Il piatto di Giovanni “Baccalà…zucca, zenzero, capperi e broccoli”, punta all’esaltazione di alcuni elementi del territorio attraverso le diverse sensazioni presenti nella preparazione. L’uso dello zenzero dona un tocco di pulizia al palato che rende più elegante la preparazione. Se il baccalà fosse stato un filino meno sapido…
Nel gioco di abbinamenti ricercati, non a caso (per stessa ammissione del “general manager” Balzano) ad un rosso segue un bianco, il Greco di Tufo crù Picoli 2011 delle Cantine Bambinuto, che in quanto a struttura e corpo gareggia a testa alta con il cugino venuto prima. Un vino solido, nel senso figurato e letterale, che al naso riporta nettamente alla tipica mineralità del Greco di Tufo, alla quale si accompagnano note di fiori gialli e frutta secca; in bocca vivace fresco e persistente. L’abbinamento cibo-vino più riuscito a mio avviso, dove i pesi di contrapposizione si sono perfettamente equilibrati.

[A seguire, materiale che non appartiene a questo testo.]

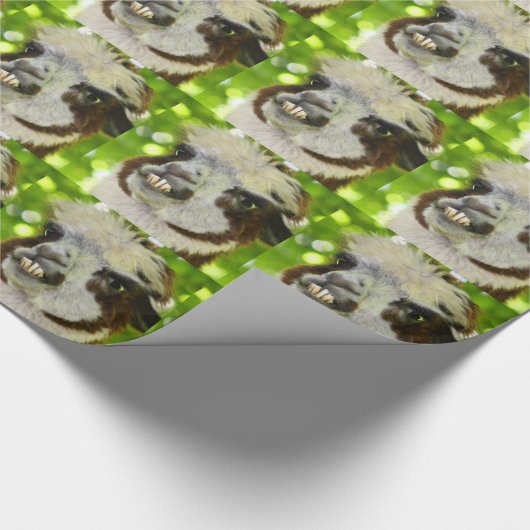 Alpaka-Packpapier Geschenkpapier (Ecke)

Il dolce lo abbiamo ricevuto…per procura!!! Da un’idea di Lisa Conti, ottima chef pasticciera, moglie di Gionata Rossi, per motivi familiari (così si scriveva sulle giustifiche di assenza a scuola) purtroppo non è potuta scendere ( o salire?) in Campania e ha firmato la procura al marito a preparare la “Brioches con doppia crema”. La crema è doppia perchè la ricetta prevede un impiego doppio di uova rispetto alla preparazione della crema “normale”, e cioè le galline di Laura Guarino hanno dovuto produrre venti uova per ogni litro di latte!!! Il risultato, Lisa? Buono, ma sono convinto che se ci fossi stata tu…;-))
Sul dolce, si è concluso con un passito ottenuto da uve Fiano (70%) e Greco di Tufo (30%). Frutta secca, agrumi e note dolci di miele che probabilmente sopravanzavano di una “ ‘nticchia” la delicatezza del dolce di chiusura. Una dolcezza supportata da una bella acidità, piacevole, di certo non stucchevole.
Lo so, l’ho fatta lunga, chiudo subito, giusto il tempo per specificarvi che al nostro tavolo erano presenti Alessandro facciadipasqua Barletta, l’anima di Slow Food Taurasi, Michele D’Argenio, giovane enologo emergente (ma qui emergono proprio tutti !!!), e Serena De Vita, pendolare professionista (detta anche “Mille Miglia”) nonchè sommelier A.I.S. che qui cura la descrizione dell’abbinamento cibo-vino.
Avevamo anche riservato un posto vuoto al tavolo, nell’ipotesi che il Pigna si fosse liberato anzitempo al giornale, tutto preso com’era dalle imminenti “parlamentarie”, ma… c’ha dato buca. Speriamo che almeno abbiano risolto i problemi delle candidature
;-))
Gli abbinamenti cibo-vino sono a cura di Serena De Vita, l’illustazione dei piatti è del “talebano dell’irpinia”.